■ **Instructions for the task**
Extract exactly and only the lines from the one containing "Mercedes-Benz Active Distance" through the end of the entries below. Pictures should not appear in the copy.

[Stored items from a collection]
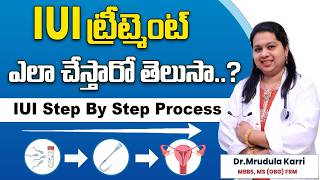 IUI Procedure Step-by-Step Process Explained in Telugu | How IUI Is Done? | Dr.Mrudula | Medcy ivf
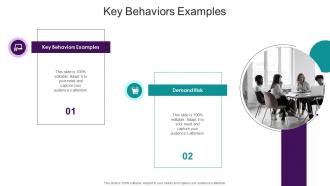Key Behaviors Examples In Powerpoint And Google Slides Cpb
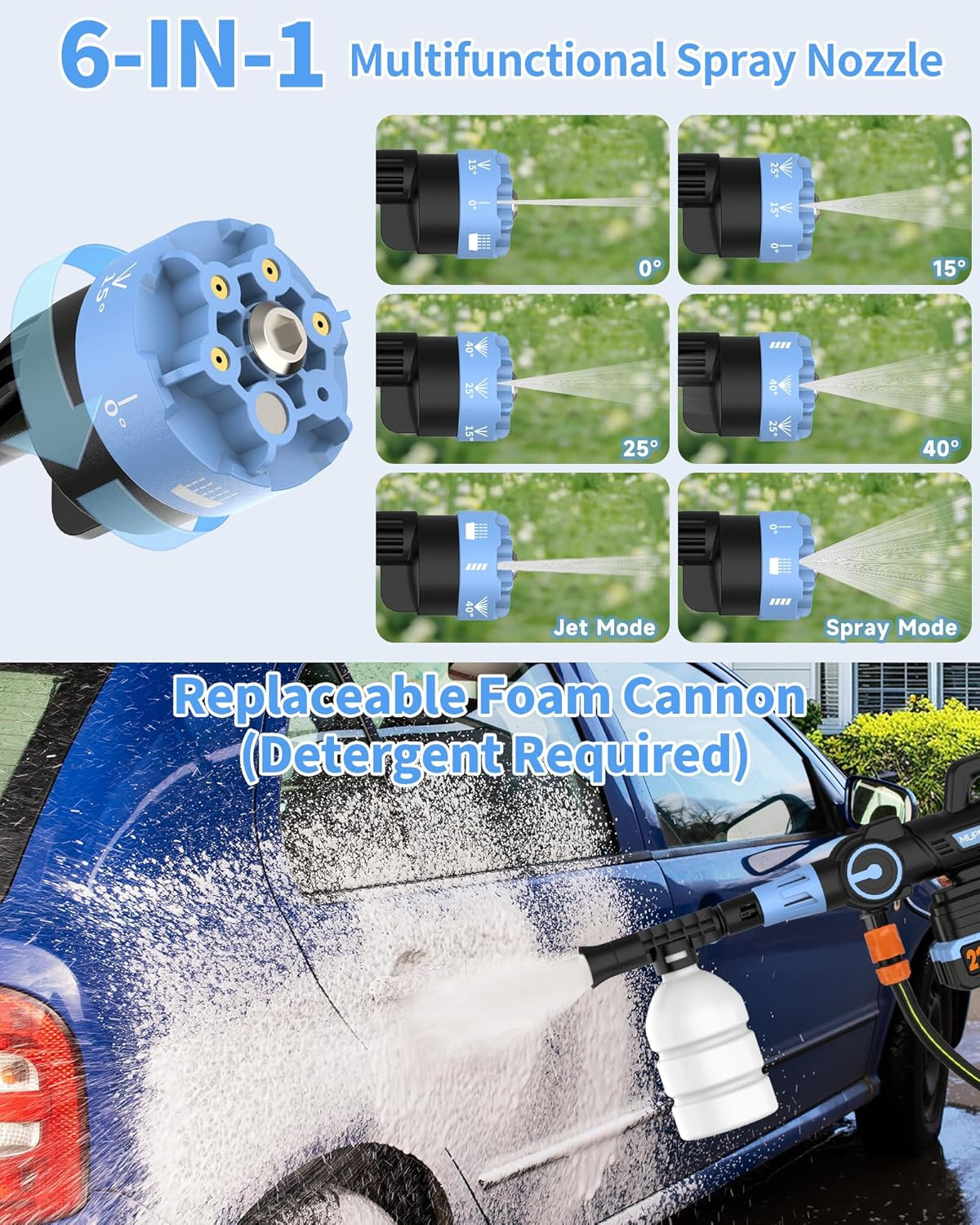 Cordless Washer Operated, 1500Psl-Brushless Portable Washer, 3 Speed Adjustable/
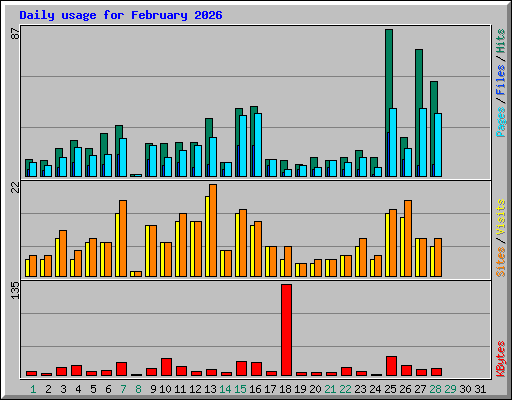 Daily usage for February 2026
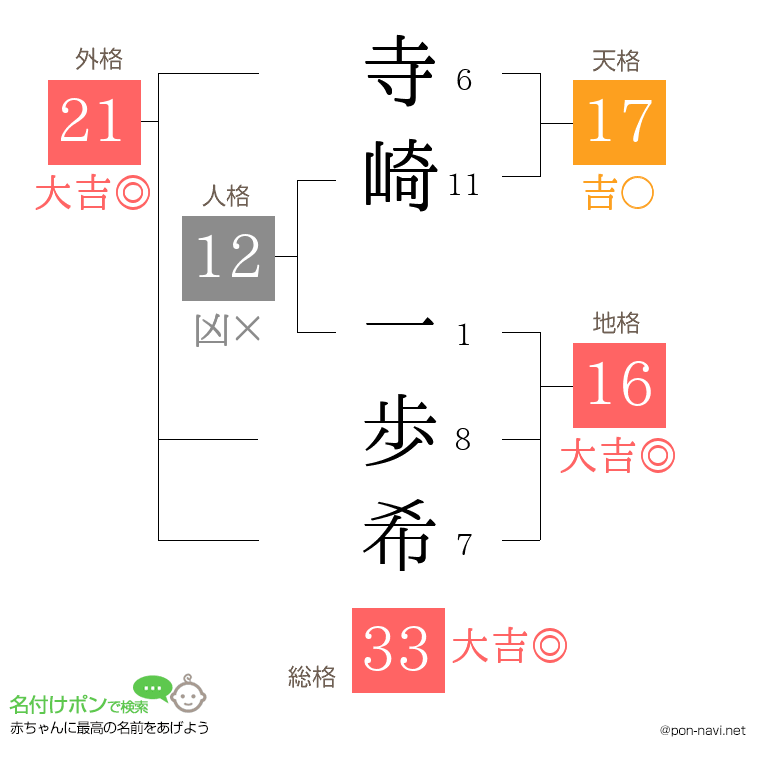 寺崎 一歩希さんの姓名判断結果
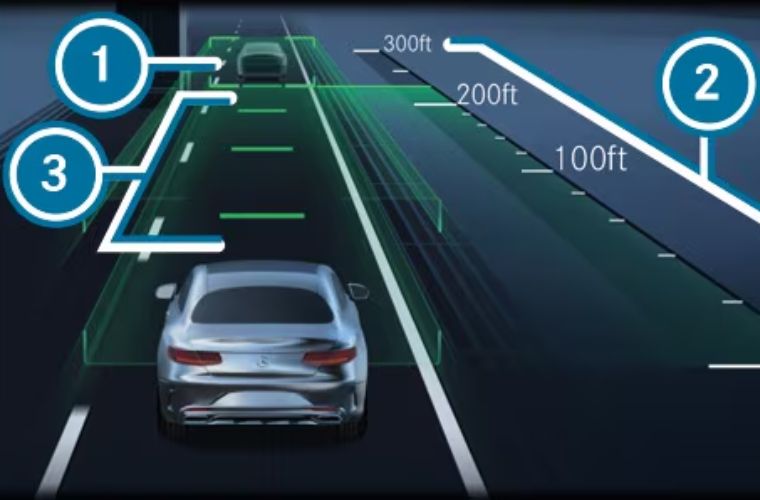 Mercedes-Benz Active Distance Assist DISTRONIC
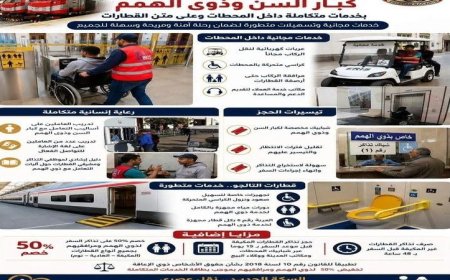 السكة الحديد تُطلق خدمات جديدة خصّيصاً لكبار السن وذوي الهمم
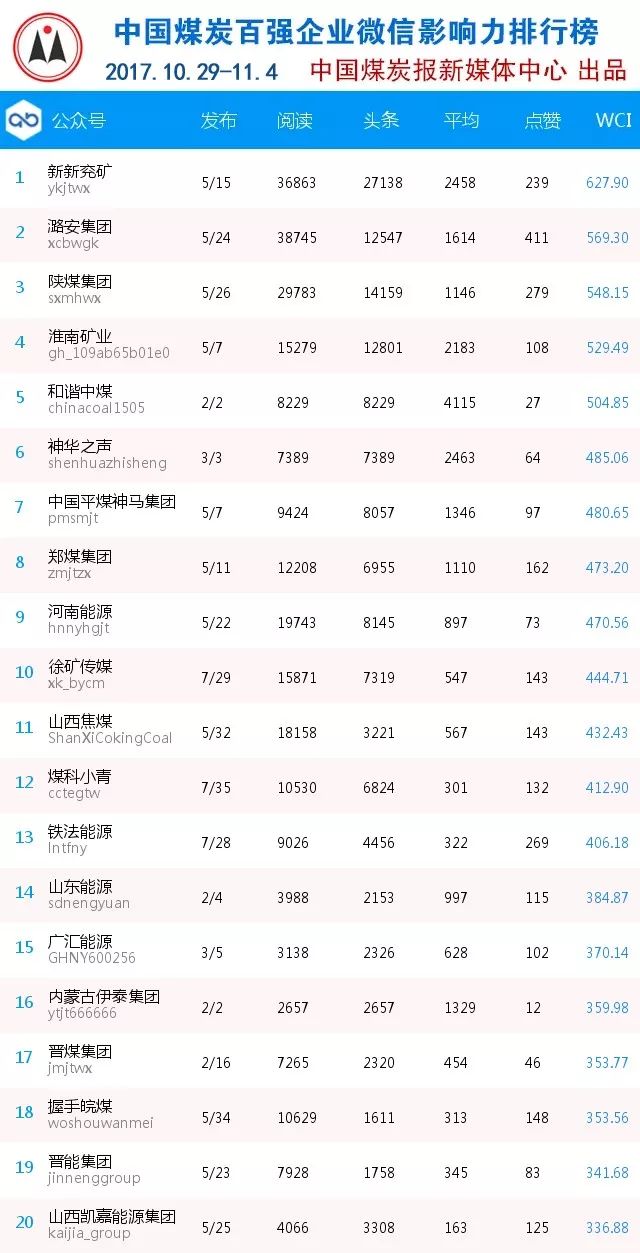 微信文章排名_微信公众号文章背景图(2)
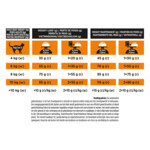 Pro Plan Veterinary Diets Kattenvoer Obesity Management ST/OX 5 kg
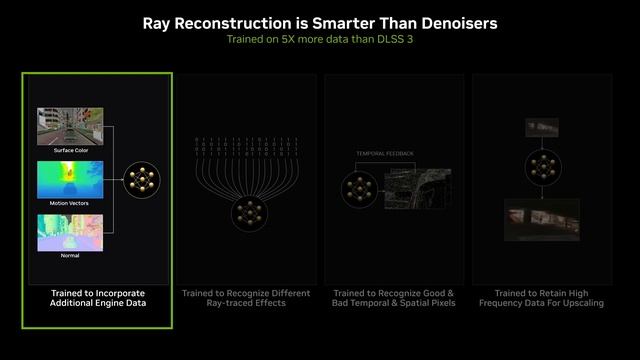 NVIDIA DLSS 3.5 | New Ray Reconstruction Enhances Ray Tracing with AI смотреть онлайн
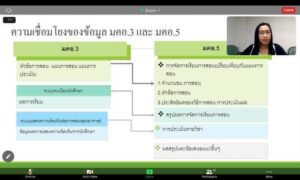 formative assessment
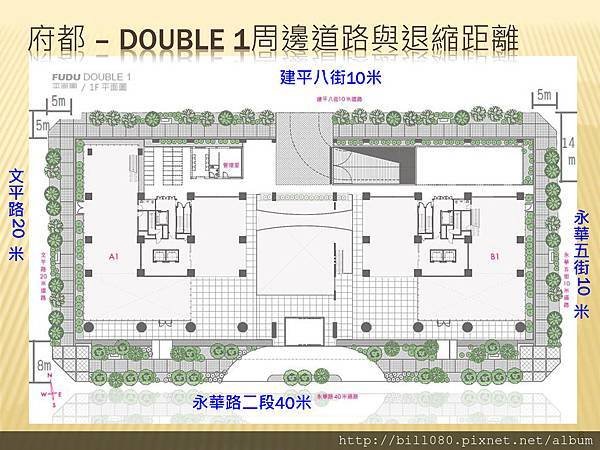 府都DOUBLE 1整理報告_頁面_06.jpg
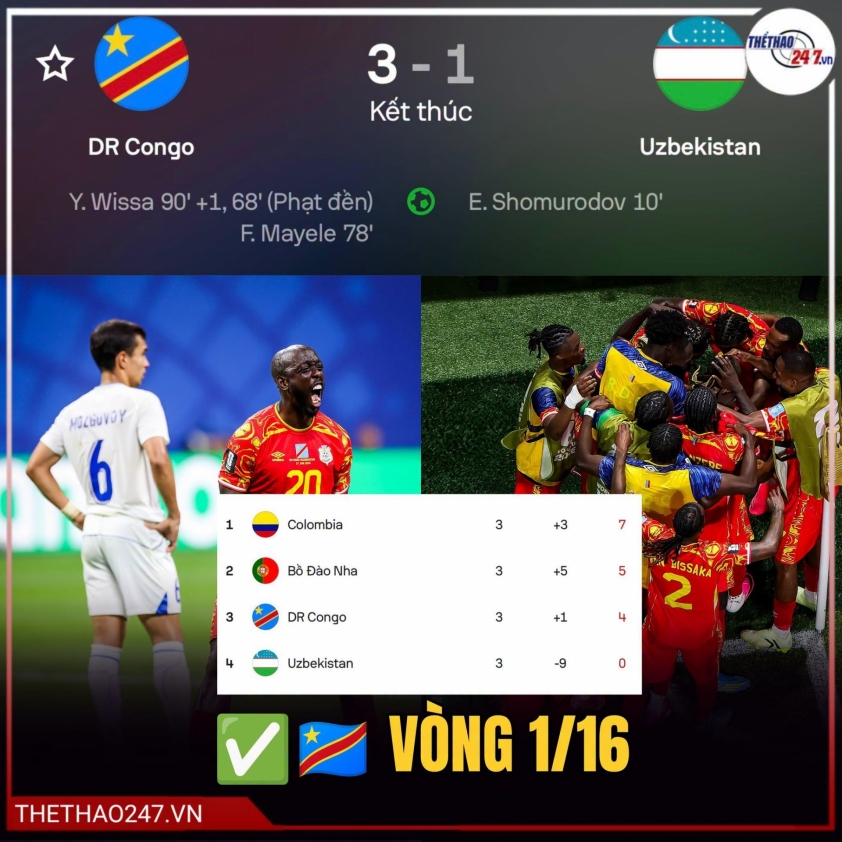 Đánh bại Uzbekistan, CHDC Congo gặp Anh ở vòng 1/16 World Cup 2026 858334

■ **Answer for the task**
 Mercedes-Benz Active Distance Assist DISTRONIC
 السكة الحديد تُطلق خدمات جديدة خصّيصاً لكبار السن وذوي الهمم
 微信文章排名_微信公众号文章背景图(2)
 Pro Plan Veterinary Diets Kattenvoer Obesity Management ST/OX 5 kg
 NVIDIA DLSS 3.5 | New Ray Reconstruction Enhances Ray Tracing with AI смотреть онлайн
 formative assessment
 府都DOUBLE 1整理報告_頁面_06.jpg
 Đánh bại Uzbekistan, CHDC Congo gặp Anh ở vòng 1/16 World Cup 2026 858334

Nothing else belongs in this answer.